Also incredibly useful for conlanging is this page:
http://zompist.com/kit.html (which happens to state what Nahari said: start with sounds)
With regard to the missing articles, I personally don't count them out just because they don't yet exist. It seems to me that "The" and "Of" just happen to be omitted from names because the structuring of names is completely regular.
It would be very nice to create different forms for words. I suspect they're absent simply because it was never fully necessary for making the names work. But I'd sure like to see a difference between death the noun, die the present tense, and died the past tense. (Just making stuff up here, "naråsh", "råsh", and "rash" instead of råsh for all those words.)
Also nice would be avoiding a mirror image of English's lexicon. We could separate the meaning of "that" like in French, as a simple example.
English: "I enjoyed
that." and "We know the method
that will let us win."
French: "J'ai aimé
ça." and "Nous savons le mode
que laissera-nous gagner." (apologies for any possible French language mistakes, natives of the language)
We could also combine meanings that are represented by different words in English.
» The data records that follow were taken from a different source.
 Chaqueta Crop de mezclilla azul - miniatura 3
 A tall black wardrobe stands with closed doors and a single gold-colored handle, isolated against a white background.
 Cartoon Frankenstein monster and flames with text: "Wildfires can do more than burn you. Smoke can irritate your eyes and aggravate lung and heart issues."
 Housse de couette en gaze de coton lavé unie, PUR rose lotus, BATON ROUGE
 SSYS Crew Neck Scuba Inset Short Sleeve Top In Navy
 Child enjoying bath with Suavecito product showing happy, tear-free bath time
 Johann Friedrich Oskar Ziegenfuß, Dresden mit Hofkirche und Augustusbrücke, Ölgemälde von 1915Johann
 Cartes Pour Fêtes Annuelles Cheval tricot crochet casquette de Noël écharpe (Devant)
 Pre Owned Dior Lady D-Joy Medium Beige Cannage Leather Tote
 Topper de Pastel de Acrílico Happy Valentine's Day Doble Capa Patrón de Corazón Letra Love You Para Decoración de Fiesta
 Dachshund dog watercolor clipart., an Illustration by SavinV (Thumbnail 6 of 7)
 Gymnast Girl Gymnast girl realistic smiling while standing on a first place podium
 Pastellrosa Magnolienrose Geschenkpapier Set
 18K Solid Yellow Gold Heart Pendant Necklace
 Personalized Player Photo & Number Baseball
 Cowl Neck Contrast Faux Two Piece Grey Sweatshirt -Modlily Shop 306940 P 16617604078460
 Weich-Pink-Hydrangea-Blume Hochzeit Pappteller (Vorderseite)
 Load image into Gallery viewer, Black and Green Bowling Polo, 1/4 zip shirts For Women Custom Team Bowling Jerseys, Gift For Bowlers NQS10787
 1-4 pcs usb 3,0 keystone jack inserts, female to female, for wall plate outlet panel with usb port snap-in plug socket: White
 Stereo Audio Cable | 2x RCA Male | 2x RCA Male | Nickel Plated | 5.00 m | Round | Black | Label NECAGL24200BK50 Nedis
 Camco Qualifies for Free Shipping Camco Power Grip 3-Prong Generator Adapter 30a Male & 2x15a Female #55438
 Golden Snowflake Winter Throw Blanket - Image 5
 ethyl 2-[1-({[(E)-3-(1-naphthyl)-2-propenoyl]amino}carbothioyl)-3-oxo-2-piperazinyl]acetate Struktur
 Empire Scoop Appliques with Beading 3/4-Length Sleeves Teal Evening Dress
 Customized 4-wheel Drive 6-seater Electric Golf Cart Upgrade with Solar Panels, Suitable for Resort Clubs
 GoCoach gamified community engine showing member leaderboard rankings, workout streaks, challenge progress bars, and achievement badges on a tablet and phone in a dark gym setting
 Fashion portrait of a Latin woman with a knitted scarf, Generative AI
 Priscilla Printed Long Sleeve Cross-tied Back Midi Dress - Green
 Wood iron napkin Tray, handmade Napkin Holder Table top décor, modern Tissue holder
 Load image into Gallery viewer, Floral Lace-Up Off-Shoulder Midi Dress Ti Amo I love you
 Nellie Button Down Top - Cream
My point here is that the Dwarven-to-English and vice-versa dictionaries shouldn't have easy lives
.
Also, here's a list of all the letters used in language_DWARF.txt for the language, unless my quick one-liner ate some of the characters by accident (shouldn't've):
a b c d e f g h i k l m n o r s t u v z à á â ä å è é ê ë ì í î ï ò ó ô ö ù ú û
Maybe later I'll write up a quick table of how I think the diacritical letters are supposed to be pronounced, based on both how I read them and what European languages tend to say.
Keep in mind that diacritics don't necessarily have to change sound; in some languages they indicate grammar changes instead. (Such as the diaeresis in French and old English, where it forces syllable separation: co-operation would've once been spelled coöperation.)